Monday, July 23, 2018 | ePaper
Inequality still a major global problem
FORMER World Trade Organisation Director General Pascal Lamy on Saturday said the problem of rising inequality in countries across the globe could be resolved internally. Internal consensus and efforts are very much needed to alleviate wealth inequality, and in doing so many instruments including taxation and prevention of getting higher returns from wealth could be used, he said, as per reports of local dailies.
Lamy was speaking at a public lecture on 'Knowledge to share, planet to care' organised by the Centre for Policy Dialogue in Dhaka. He also said the environmental devaluation issue needs global efforts, otherwise it would not work.

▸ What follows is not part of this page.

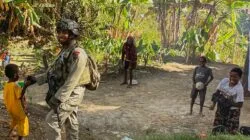 Satgas Damai Cartenz 2025 Sapa Mama Papua dan Anak-anak di Intan Jaya dalam Patroli Dialogis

There is little to be done in ensuring fair share for the workers of profits big brands are making from the readymade garment products sourced from countries like Bangladesh, Lamy, who was WTO Director General in 2005-13, said while addressing the issue raised the meeting. He said that he knew about the issue of selling by global brands a shirt at $25 that was sourced at $5.
He said as per the report that it's a market-driven economic system and there is a very little to be done. Rather, he stated, time has come to protect the consumers and it's a very tough job compared with that of ensuring rights of the producers.
It is true that internal inequities could be rooted out internally through taxation - but it is also equally true that Western countries could do more to root out developing country inequalities. One simple way to do so is to prevent the transfer of funds which have been procured through illegal or corrupt methods. This would automatically make people who earn through corrupt means in third world nations think twice before doing so as there would be no safe refuge for their ill-gotten funds - as many dictators and their families think nothing of buying expensive properties in first would countries. But no developed nation is yet to provide a comprehensive set of laws to regulate the flow of incoming funds from developing countries.
Another way to reduce income inequality is to provide developing countries adequate compensation for their products instead of squeezing them to get enhanced profits - as first world companies won't do. Bangladesh is a sufferer of this as the unit prices it receives from such products as RMG have been declining for the last decade or more. Such adequate compensation would go a long way towards the workers getting a minimum sustainable wage - an act which would automatically reduce inequality. But yet again first world nations will bypass this as it is contrary to their interests. Its time that first world countries stopped uttering pious platitudes and started proactive work to actually put in effect measures which would make the world a less inequitable place.